Why do parents feel that they have the right to essentially censor society for the rest of us. I have an idea take responsibility for your children instead of sitting them in-front of a TV or computer, expecting that to raise them and then wail incessantly when something happens.

Besides the obvious implications of blocking a large part of the internet for the entire population there are many, many things wrong with this policy:


It is extremely rare for one to stumble upon adult content on the internet. If children are looking at adult content, they are probably looking for adult content. (As much as the charity in question would refuse to believe).
Children already know how to use proxy sites to bypass blocks on social networks. This will render the entire policy completely useless for those intentionally seeking out this kind of content. And of they somehow find a way to stop proxying then there are still about twenty other methods that immediately come to mind.
Some ISPs already offer an opt-in service to block adult content. Alternatively, you can use parental control software to block whatever type of content you wish. Failing that, you could actually be a parent and parent your child, educate them, or even disallow them unsupervised internet access if you must. The promotion of these existing options would be much easier, cheaper, and far less authoritarian.
Who will maintain the list of blocked sites? As regular users of the internet on mobile phones may know, the blocking solutions employed by phone providers, for example, often block perfectly acceptable content. This is not a black & white issue: anyone who has used the internet for more than a few minutes can tell you there are not clearly-defined "porn sites" and then clearly-defined "100% family friendly sites". So who decides which is which, and how?
David Cameron has previously said he would like to create a British Silicon Valley. Leaving tech startups at the mercy of a government department which decides which sites are banned and which are not (and will, almost certainly, frequently get it wrong) is not a good way to promote this. I've run perfectly innocent websites that have been incorrectly categorised as "adult" by existing blocking solutions that workplaces and schools use. Losing visitors from schools and workplaces can be bad enough... but the thought of an entire country of 60 million people being unable to access your website because of a single government employee (or automated system) deciding your website isn't "family-friendly" enough is terrifying.
I thought the current government was opposed to a nanny state.

This policy is not going to save any children's lives or prevent children from being sexually abused. It is not going to stop parents dressing their children in revealing clothing or buying their children makeup. It is not going to stop anything believed to be morally abhorrent by the government or the involved charities.

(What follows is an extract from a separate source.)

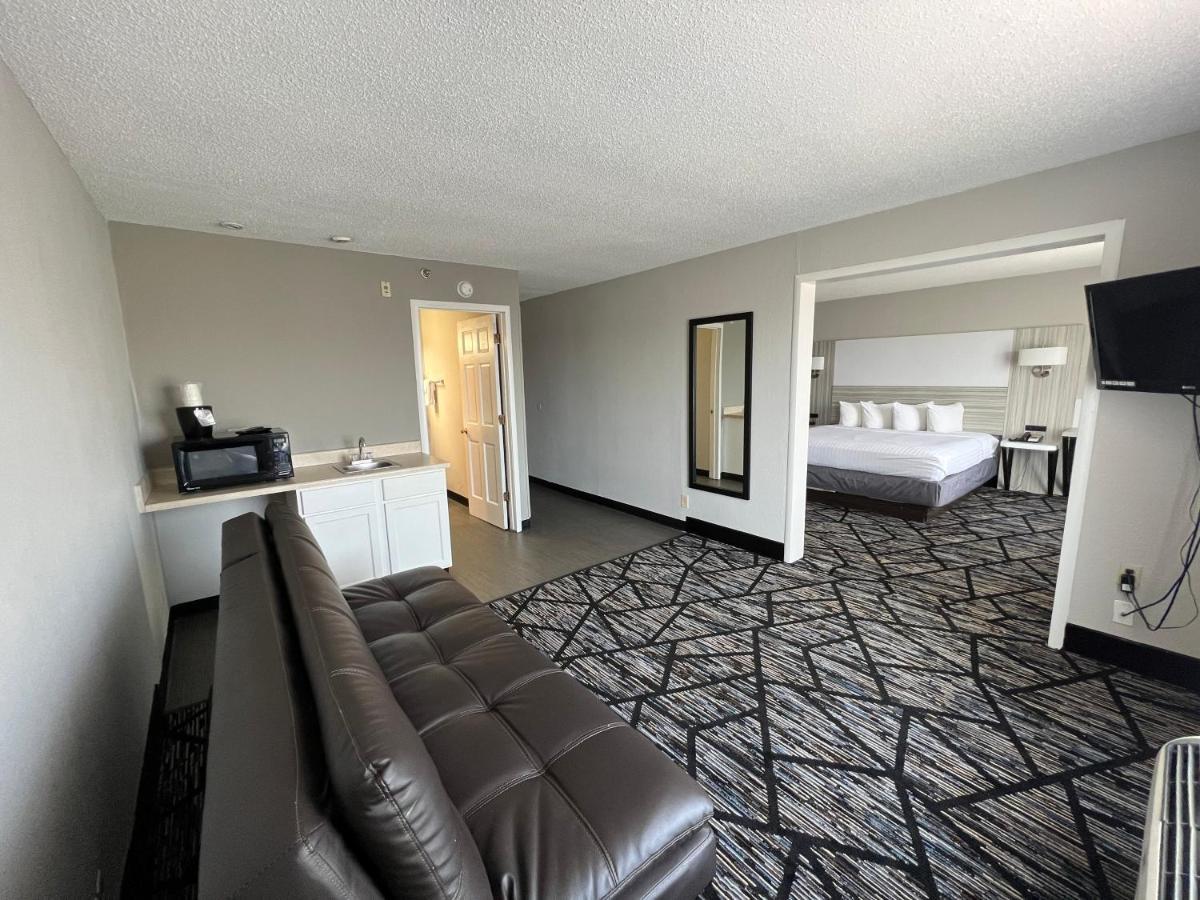 Hotel Baymont By Wyndham 3*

This is a dangerous, poorly designed policy dreamt up by technologically illiterate people who have as much credibility deciding tech policy as a child would have deciding tax policy.

Also is the fact that children could potentially see naked people really that big of a deal.

Here's another idea: Why don't we make all food a tasteless mush so that children don't choke on anything(!)

weezer 316
11-Oct-11, 09:42
Waste of time. And money.

Torvaig
11-Oct-11, 09:48
RecQuery, I started by good repping you but I also want to say in public that I agree with what you have written. If we have children, it is up to us and teachers etc., to protect them from material we don't wish them to see. I know it is not possible to do so entirely but, as parents, we have to make our best efforts. That what parents and responsible adults do.

I know it is not easy with the amount of "unsuitable" material easily accessed but then nothing is in this world is.....it's called "human rights".

John Little
11-Oct-11, 10:01
http://www.guardian.co.uk/technology/2010/dec/20/web-filtering-will-not-work?INTCMP=ILCNETTXT3487

RecQuery
11-Oct-11, 10:10
It's related to a another problem, basically the government needs some science and technology advisors/civil servants that actually know what they're talking about. Every IT/science mess in this government and previous governments can be tracked back to that.

orkneycadian
11-Oct-11, 19:01
I think O2 started doing this a few years ago - Around about the same time as my phone started blocking completely innocent webpages! I mind being south at a bull sale once and tried to look up B&B accommodation on the phones web browser. Half the pages were blocked and wouldn't show due to O2's filter. And that was just looking up Bed and Breakfast webpages! Not used it much since then as the filter has made it worthless for even the most innocuous webpages

Wonder if e Org will get blocked on account that its just 1 letter shorty of orgy?

RecQuery
11-Oct-11, 22:15
That's one of the major problems, any country wide filter could potentially block innocuous sites, or sites that are part of an advertising network and happen to have a dodgy advert, sites that get hacked etc.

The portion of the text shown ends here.